Ich freue mich auf Ihre Anregungen, Hinweise und Wünsche für die Vervollständigung der Umgestaltung des Freithofes“, sagt Baudezernent Christoph Hölters. Der Rat der Stadt Neuss hat in sei­ner Sitzung am ver­gan­ge­nen 24. Oktober beschlos­sen, die Umgestaltung des Platzes mit den betrof­fe­nen Bürgerinnen und Bürgern zu dis­kutieren. Die Verwaltung hat hierzu zwei Vorentwürfe erarbeitet.

Der Freithof wurde 1999 nur teil­weise im Bereich Zeughaus/​Markt nach den Plänen von Georg Penker umge­stal­tet. Der west­li­che Platzbereich zwi­schen dem dama­li­gen Gebäude einer Bank und dem Münster wurde sei­ner­zeit aus Kosten­gründen nicht in die Umbaumaßnahme ein­be­zo­gen, wodurch eine Trennung in zwei unter­schied­li­che Plätze entstand.

Der west­li­che Teil befand sich seit­dem – trotz der zen­tra­len und bedeu­ten­den Lage am Quirinusmünster – in einem wenig beach­te­ten Zustand. Mit der Ansiedlung und Nutzung der Fläche durch einen Biergarten wurde ver­sucht, diese Situation zu verbessern.

In der Mitte der Fläche befin­det sich eine alte, über­wie­gend unter­ir­di­sche, ehe­mals öffent­li­che Toilettenanlage, die ent­fernt wer­den muss. Sie wird der­zeit von der Gastronomie als Lagerraum genutzt. In die­sem west­li­chen Platzbereich befin­den sich rund 25 öffent­li­che Parkplätze, die über­wie­gend dem Anwohnerparken vor­be­hal­ten sind. Die Straßen die­nen zudem der Erschließung pri­va­ter Stellplätze und der Anlieferung der angren­zen­den Geschäfte und Gastronomien.

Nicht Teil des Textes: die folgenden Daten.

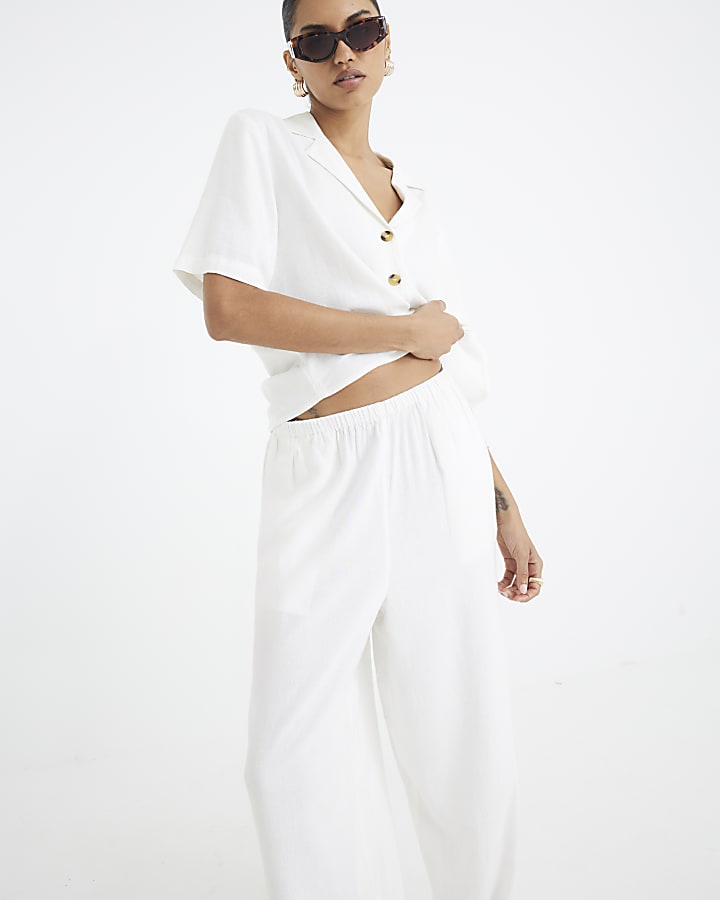 White Linen Blend Wide Leg Trousers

Am Pfingstmontag 2014 hat das Sturmtief „Ela“ so starke Beschädigungen an den Platanen im west­li­chen Platzbereich ange­rich­tet, dass diese gefällt wer­den muss­ten. Dadurch hat sich der opti­sche Charakter der Fläche grund­le­gend ver­än­dert. Der Platzbereich wird nun wie­der durch das Münster geprägt.

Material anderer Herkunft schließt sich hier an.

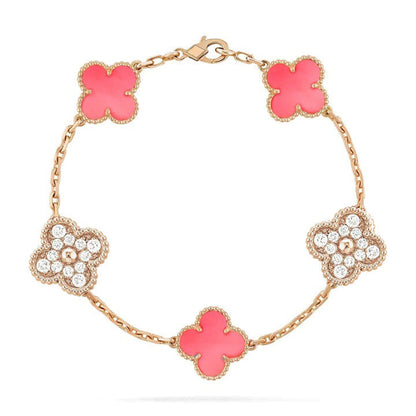 [✨ROSE✨]CLOVER 5 MOTIF DIAMOND PINK MOP PINK GOLD BRACELET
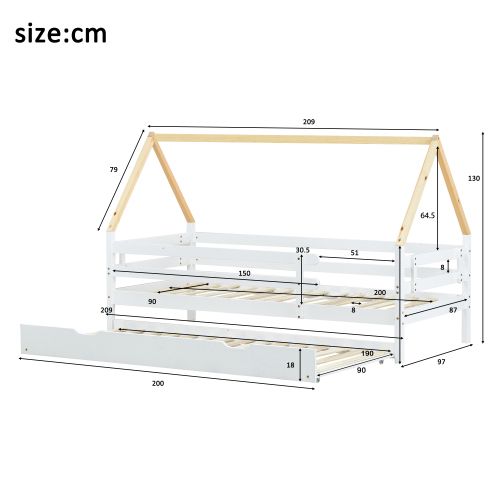 Lit Cabane 90x200 Cm, Lit Enfant, Lit Gigogne 90x190 Cm Avec Roulettes En Dessous, Blanc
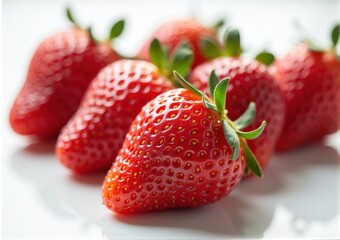 Strawberries on a white background. Shallow dof.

Die bis­he­rige Planung für den west­li­chen Platzbereich stellte auf die den Platz domi­nie­ren­den Platanen ab, mit einer Bier­gartennutzung unter „schat­ti­gen Bäumen“ Durch die oben genann­ten geän­der­ten Rahmenbedingungen ist diese Ziel­richtung nicht mehr mög­lich. Daher soll nun den neuen Rahmenbedingungen mit einer Umgestaltung Rechnung getra­gen wer­den, die den Platz wie­der als Einheit erle­ben lässt.